Hard as it is to convey in human language, there is a very real and very recognizable (but almost entirely undefinable) Presence of God, in which we confront Him in prayer knowing Him by Whom we are known, aware of Him Who is aware of us, loving Him by Whom we know ourselves to be loved…

It is not a vision face to face, but a certain presence of self to Self in which, with the reverent attention of our whole being, we know Him in Whom all things have their being. The “eye” which opens to His presence is in the very center of our humility, in the very heart of our freedom, in the very depths of our spiritual nature. Meditation is the opening of this eye. 49

The true and deepest desire of my life is to know this “Presence of God.” The most authentic longing of my heart is to enter into an awareness of God at the heart of all existence.

But, this Presence is hidden to my normal faculties.

Jesus said,

But whenever you pray, go into your room and shut the door and pray to your Father who is in secret; and your Father who sees in secret will reward you. (Matthew 6:6)

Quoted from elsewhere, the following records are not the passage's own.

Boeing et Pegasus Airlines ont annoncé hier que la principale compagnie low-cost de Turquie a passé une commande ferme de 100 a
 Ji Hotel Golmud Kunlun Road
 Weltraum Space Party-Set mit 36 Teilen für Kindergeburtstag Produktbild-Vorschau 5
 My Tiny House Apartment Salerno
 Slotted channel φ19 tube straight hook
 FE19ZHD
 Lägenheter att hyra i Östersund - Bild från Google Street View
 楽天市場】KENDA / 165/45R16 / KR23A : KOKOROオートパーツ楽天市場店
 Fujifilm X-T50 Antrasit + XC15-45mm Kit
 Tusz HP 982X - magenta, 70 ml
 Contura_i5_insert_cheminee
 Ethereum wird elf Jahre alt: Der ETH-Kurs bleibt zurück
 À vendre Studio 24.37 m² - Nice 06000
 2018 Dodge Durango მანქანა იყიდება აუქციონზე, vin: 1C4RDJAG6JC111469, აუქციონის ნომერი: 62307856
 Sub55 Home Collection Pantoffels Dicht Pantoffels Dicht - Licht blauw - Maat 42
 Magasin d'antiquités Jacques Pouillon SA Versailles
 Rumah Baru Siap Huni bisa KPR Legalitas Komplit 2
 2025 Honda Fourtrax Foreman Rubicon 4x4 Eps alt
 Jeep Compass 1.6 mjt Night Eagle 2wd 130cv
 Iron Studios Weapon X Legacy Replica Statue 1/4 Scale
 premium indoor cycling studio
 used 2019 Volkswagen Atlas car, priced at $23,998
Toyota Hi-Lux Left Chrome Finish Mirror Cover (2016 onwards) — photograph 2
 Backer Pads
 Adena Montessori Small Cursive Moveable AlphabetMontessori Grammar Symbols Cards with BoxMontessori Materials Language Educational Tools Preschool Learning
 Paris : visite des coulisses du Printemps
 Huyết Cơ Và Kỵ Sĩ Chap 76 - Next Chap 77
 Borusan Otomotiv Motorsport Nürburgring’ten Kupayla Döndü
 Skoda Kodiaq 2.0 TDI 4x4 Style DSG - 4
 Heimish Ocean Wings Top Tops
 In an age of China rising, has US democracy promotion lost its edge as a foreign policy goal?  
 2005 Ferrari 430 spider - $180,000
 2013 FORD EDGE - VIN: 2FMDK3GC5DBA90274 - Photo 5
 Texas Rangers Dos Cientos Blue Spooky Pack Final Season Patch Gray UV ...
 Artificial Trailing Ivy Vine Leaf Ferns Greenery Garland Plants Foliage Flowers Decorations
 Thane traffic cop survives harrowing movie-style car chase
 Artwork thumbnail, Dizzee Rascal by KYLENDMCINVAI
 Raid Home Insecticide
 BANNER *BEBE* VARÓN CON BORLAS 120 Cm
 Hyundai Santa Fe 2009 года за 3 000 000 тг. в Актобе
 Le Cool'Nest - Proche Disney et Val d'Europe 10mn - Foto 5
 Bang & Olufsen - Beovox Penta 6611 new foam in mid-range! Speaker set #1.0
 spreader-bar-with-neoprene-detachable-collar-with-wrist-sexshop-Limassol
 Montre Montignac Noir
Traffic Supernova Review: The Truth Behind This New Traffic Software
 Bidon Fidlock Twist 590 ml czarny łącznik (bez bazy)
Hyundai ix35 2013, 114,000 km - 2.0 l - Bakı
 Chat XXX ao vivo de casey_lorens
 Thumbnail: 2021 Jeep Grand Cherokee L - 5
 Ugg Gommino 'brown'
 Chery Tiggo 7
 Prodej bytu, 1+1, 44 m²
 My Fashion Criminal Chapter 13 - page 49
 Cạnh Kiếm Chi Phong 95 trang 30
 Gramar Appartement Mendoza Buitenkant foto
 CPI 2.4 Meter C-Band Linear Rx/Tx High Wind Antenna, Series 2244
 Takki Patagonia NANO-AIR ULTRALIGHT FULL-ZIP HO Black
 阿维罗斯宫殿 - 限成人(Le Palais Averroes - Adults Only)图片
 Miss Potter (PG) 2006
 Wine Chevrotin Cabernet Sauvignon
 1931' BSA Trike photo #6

The “Father” is “in secret” to my physical senses.

Coming to an awareness of Presence requires a perceptual shift I do not always cultivate. I need to find “the ‘eye’ which opens to His presence.”

Merton says I will come to this awareness only in “humility” and “freedom”.

“Humility” is the willingness to acknowledge that I depend for this perception on a power greater than myself. If I am going to find this “‘eye’ which opens to His presence,” I must trust God to open my heart.

“Freedom” comes from my willingness to “shut the door” to the distractions, attachments and identifications that so preoccupy the surface of my life.

I experience what Merton affirms, that “Meditation is the opening of this eye” because in meditation I acknowledge my helplessness before God. When I practice meditation I set aside for a time all those obsessions and compulsions that so often cause me to lose my consciousness of the Divine Presence and a new consciousness opens within.

What keeps me from opening “this eye” that perceives the Divine?

What practices might make me more sensitive to God’s “secret” presence?